> **Exercise**
Would you return the data below exactly as it stands, with every picture left out?

(Data excerpt Opens)

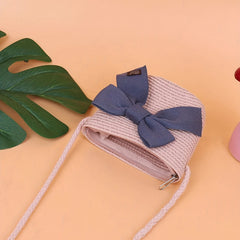 Children Straw Woven Mini Shoulder Bag Small Purse Kids Handbag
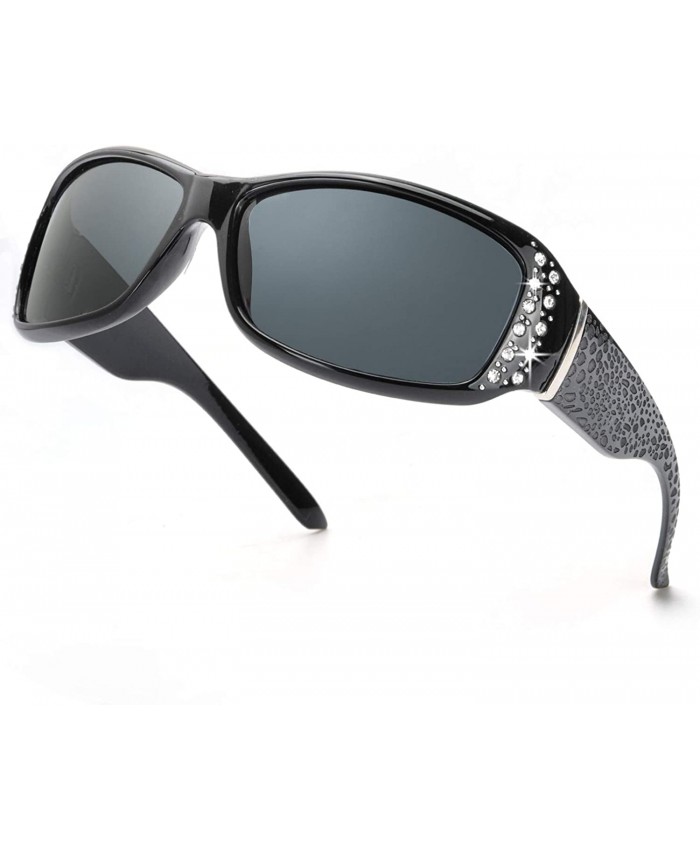 IGnaef Rhinestone Polarized Sunglasses for Women 100% UV400 Protection Driving Fishing Shopping Women sunglasses 1Black Frame Grey Polarized Lens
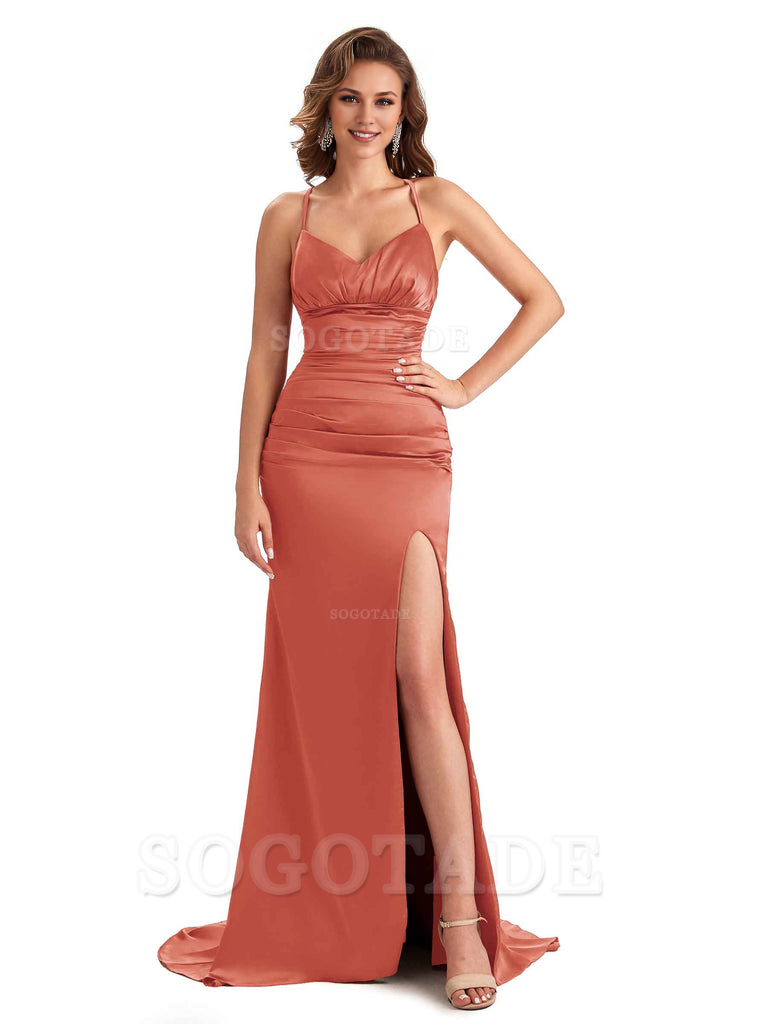 Sexy Mermaid Silky Satin Side Slit One Shoulder Unique Long Wedding Guest Dresses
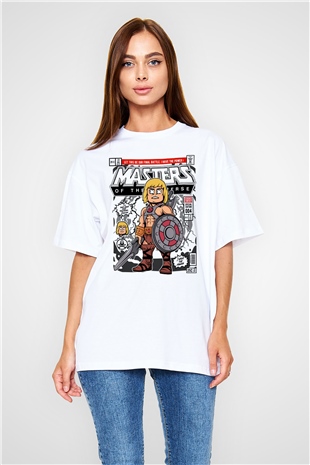 Master Of The Universe Baskılı Unisex Beyaz Oversize Tişört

(Data excerpt Closes)

> **Answer to this exercise**
 Children Straw Woven Mini Shoulder Bag Small Purse Kids Handbag
 IGnaef Rhinestone Polarized Sunglasses for Women 100% UV400 Protection Driving Fishing Shopping Women sunglasses 1Black Frame Grey Polarized Lens
 Sexy Mermaid Silky Satin Side Slit One Shoulder Unique Long Wedding Guest Dresses
 Master Of The Universe Baskılı Unisex Beyaz Oversize Tişört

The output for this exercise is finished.